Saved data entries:
┌────────

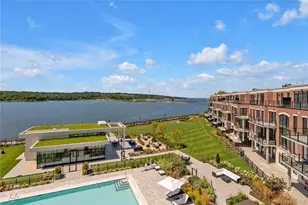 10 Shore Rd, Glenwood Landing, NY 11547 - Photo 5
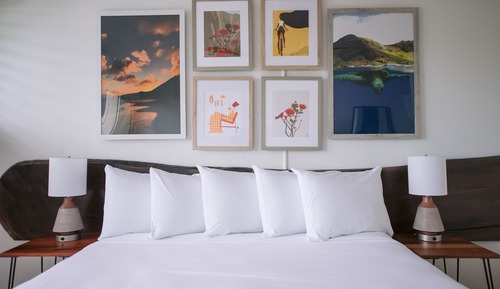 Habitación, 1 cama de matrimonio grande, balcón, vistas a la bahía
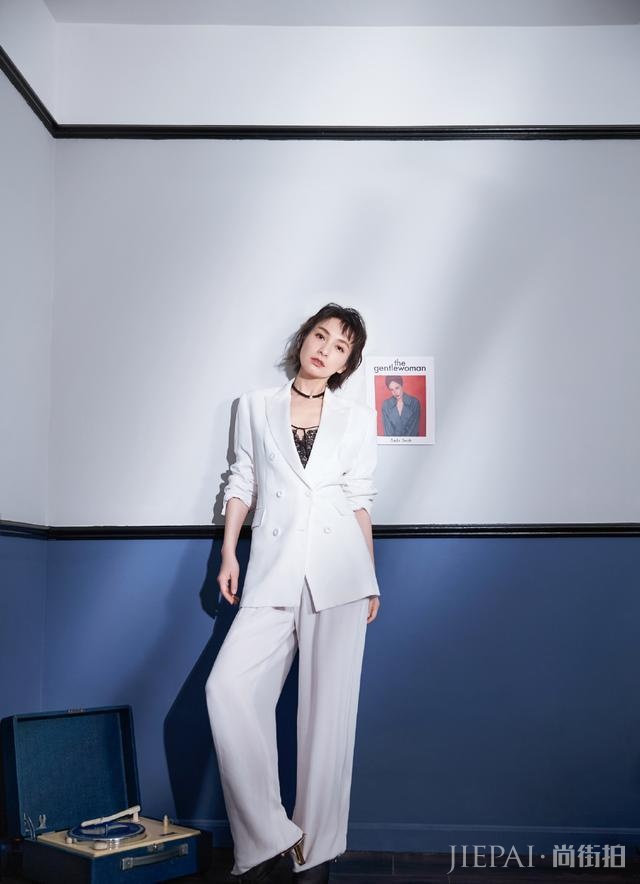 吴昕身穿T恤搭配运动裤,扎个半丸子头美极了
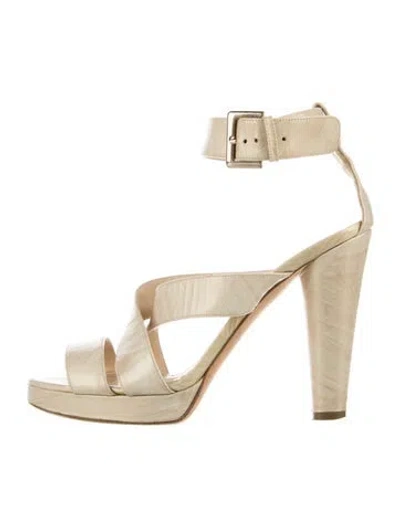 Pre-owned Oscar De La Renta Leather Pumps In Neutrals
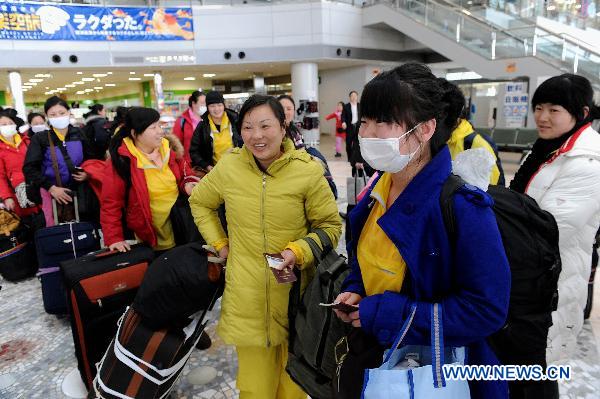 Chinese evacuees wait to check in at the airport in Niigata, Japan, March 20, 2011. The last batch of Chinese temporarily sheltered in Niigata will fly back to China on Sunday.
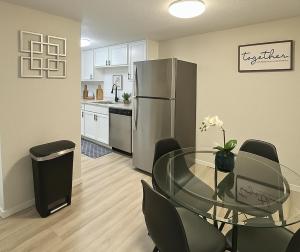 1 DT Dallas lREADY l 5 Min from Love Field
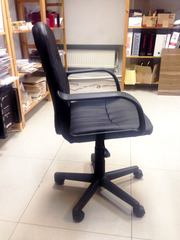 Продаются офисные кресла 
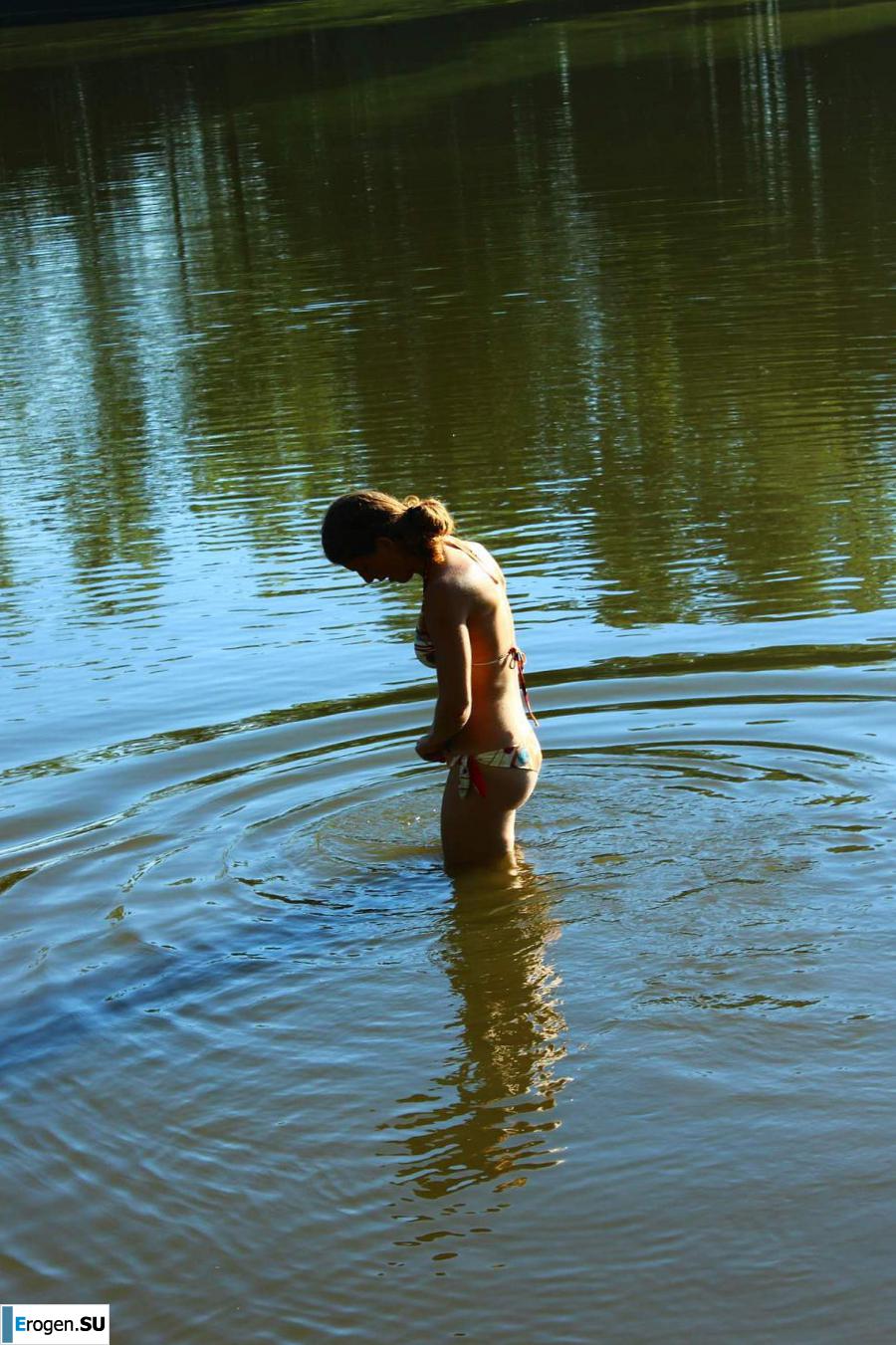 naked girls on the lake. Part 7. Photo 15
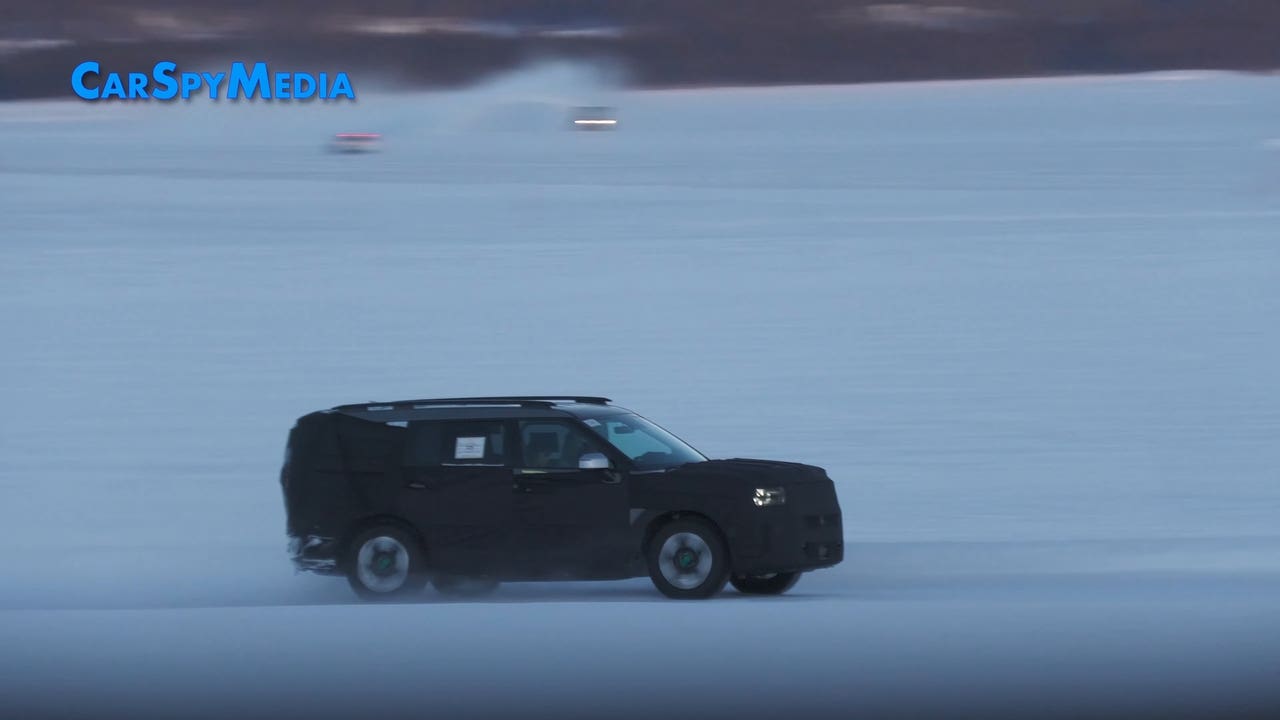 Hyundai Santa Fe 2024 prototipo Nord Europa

└────────

- _BRIEF_
Leave the pictures out, and restate exactly the lines from the start of the records through the one that contains "Pre-owned Oscar De".

- _EXERCISE RESULT_
 10 Shore Rd, Glenwood Landing, NY 11547 - Photo 5
 Habitación, 1 cama de matrimonio grande, balcón, vistas a la bahía
 吴昕身穿T恤搭配运动裤,扎个半丸子头美极了
 Pre-owned Oscar De La Renta Leather Pumps In Neutrals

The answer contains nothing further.